Duration: Sources discussing research chemicals may suggest protocols for fixed periods. This is not an FDA-approved use, and long-term safety has not been established in humans.

Frequently Asked Questions

For the FDA-approved treatment of Barth syndrome, SS-31 (Forzinity/elamipretide) is a long-term, possibly lifelong, therapy. Clinical trials demonstrated sustained efficacy over several years in open-label extension studies.

For its approved medical use in Barth syndrome, a few weeks is typically not sufficient to see therapeutic benefits. Studies show that meaningful improvements require sustained, long-term administration.

Shorter, fixed-term protocols often refer to SS-31 when used as a research peptide, not the FDA-approved medication Forzinity. These protocols are not medically approved or evaluated for safety and efficacy.

Based on clinical trials for Barth syndrome, long-term use (up to 168 weeks and longer) was generally well-tolerated. The most common side effects were mild injection site reactions.

In patients with Barth syndrome, significant benefits like improved walking distance and reduced fatigue were seen over a prolonged period (many months to years) in open-label extension trials, not in the initial 12-week phase.

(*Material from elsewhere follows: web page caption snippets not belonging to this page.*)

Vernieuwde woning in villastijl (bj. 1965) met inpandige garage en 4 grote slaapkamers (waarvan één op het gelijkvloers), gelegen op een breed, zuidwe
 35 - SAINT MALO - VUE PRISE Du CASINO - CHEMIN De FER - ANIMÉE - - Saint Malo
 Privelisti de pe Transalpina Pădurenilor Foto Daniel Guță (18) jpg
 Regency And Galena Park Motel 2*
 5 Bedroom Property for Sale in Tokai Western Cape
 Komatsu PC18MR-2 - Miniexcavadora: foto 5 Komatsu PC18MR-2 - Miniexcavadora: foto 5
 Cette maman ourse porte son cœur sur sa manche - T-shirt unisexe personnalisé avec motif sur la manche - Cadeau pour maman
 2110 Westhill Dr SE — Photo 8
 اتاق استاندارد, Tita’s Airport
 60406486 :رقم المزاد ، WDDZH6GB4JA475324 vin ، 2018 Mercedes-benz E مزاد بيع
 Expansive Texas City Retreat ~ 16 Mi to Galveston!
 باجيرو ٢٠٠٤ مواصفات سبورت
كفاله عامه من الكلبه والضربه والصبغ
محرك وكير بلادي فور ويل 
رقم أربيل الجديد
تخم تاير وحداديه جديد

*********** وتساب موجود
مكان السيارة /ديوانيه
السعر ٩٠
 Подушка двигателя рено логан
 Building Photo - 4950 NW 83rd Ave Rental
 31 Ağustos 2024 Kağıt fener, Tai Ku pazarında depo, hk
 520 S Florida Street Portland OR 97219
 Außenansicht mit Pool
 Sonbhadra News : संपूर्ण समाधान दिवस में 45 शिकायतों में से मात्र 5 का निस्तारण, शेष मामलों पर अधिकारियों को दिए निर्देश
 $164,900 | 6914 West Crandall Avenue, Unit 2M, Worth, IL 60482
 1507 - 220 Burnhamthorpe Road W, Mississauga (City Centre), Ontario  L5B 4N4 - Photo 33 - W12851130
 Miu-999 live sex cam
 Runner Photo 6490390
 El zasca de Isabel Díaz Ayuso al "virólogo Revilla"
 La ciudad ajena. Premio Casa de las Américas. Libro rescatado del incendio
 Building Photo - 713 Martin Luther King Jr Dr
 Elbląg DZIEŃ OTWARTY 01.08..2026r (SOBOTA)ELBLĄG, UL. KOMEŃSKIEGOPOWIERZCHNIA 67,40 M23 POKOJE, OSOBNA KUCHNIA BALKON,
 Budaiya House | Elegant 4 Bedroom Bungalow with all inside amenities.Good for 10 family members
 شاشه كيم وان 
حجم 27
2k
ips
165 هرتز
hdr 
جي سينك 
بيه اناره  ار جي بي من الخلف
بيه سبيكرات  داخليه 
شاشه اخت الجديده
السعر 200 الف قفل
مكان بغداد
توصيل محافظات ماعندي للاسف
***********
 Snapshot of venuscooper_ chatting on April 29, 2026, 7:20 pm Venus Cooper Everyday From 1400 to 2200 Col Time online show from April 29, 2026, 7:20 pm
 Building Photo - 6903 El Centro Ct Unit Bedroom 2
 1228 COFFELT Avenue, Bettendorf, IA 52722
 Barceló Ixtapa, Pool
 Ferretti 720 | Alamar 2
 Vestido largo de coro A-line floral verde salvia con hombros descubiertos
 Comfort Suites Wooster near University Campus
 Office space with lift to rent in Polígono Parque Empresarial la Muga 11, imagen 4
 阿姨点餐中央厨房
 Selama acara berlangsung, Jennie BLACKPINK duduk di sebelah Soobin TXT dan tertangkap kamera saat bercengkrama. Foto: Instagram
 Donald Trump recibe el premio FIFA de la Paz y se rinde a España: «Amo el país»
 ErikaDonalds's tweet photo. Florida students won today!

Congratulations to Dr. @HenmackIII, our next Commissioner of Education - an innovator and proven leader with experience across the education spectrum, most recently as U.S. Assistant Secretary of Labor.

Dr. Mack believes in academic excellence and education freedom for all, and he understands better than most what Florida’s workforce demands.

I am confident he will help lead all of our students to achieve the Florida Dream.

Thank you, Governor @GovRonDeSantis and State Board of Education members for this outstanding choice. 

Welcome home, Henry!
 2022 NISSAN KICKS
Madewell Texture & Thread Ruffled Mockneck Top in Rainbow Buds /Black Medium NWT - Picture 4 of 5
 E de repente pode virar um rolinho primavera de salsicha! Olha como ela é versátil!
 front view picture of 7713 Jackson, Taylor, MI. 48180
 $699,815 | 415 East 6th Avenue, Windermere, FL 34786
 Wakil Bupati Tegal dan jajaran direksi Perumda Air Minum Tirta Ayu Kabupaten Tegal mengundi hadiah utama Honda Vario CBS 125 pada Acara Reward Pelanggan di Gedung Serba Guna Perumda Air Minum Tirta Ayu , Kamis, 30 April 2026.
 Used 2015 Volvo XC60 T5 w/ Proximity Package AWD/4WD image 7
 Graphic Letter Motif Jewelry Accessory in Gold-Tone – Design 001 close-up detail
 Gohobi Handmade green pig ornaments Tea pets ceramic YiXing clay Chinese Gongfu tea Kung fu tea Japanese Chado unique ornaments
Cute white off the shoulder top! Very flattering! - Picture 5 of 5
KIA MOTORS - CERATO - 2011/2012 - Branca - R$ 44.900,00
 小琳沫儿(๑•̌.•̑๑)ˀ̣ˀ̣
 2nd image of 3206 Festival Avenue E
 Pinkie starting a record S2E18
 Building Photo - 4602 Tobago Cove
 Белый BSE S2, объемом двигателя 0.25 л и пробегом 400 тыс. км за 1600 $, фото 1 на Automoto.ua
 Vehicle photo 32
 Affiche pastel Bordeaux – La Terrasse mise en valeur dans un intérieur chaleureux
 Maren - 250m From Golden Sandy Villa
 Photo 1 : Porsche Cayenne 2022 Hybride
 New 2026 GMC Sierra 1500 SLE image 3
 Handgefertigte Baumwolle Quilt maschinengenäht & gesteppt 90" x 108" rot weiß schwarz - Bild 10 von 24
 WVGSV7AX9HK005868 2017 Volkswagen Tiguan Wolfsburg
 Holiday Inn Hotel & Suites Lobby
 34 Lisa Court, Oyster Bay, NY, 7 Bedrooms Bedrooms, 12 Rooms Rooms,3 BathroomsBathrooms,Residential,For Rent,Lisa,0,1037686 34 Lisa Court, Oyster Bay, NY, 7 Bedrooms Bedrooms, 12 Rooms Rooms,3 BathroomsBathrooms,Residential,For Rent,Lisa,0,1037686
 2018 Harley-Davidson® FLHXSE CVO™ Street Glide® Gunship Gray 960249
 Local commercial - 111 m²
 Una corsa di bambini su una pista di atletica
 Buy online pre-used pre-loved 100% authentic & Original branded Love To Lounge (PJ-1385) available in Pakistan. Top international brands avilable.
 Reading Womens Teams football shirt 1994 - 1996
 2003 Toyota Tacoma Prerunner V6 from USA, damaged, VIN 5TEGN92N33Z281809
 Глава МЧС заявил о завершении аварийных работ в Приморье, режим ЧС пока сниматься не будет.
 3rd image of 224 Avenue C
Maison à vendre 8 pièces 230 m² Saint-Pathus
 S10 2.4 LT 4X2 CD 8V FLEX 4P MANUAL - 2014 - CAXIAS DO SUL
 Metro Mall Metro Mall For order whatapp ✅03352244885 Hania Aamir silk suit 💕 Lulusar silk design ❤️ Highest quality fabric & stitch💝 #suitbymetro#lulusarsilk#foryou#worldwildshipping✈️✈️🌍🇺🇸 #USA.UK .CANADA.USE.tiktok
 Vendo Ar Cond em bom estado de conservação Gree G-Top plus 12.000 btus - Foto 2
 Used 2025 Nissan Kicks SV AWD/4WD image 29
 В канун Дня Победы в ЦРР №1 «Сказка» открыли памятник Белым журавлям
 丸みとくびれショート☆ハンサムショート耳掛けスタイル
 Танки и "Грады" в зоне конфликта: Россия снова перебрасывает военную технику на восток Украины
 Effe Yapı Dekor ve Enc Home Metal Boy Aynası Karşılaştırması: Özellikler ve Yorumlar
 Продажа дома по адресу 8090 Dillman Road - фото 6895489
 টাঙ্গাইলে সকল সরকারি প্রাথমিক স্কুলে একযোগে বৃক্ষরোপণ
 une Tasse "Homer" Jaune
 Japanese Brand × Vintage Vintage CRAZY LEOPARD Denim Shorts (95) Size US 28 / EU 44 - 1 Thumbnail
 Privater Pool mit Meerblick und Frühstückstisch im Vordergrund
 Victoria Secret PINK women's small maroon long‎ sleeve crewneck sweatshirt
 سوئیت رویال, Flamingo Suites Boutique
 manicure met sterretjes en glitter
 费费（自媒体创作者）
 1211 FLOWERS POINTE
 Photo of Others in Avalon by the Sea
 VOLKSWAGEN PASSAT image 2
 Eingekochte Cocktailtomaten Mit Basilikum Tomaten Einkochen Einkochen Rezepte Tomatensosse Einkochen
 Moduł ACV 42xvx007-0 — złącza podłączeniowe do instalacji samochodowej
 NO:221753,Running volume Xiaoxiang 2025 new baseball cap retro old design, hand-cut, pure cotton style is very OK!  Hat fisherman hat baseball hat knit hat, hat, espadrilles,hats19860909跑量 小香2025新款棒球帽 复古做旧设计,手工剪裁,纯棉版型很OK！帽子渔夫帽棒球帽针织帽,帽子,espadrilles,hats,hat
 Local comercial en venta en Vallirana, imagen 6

No. The decision to stop or alter medication should only be made in consultation with a healthcare provider. Because Barth syndrome is a chronic condition, discontinuing treatment may cause symptoms to return or worsen.

Elamipretide was investigated for other conditions like mitochondrial myopathy and chronic heart failure, but those trials did not meet primary endpoints. It is only approved for Barth syndrome, and other uses are investigational or non-medically sanctioned.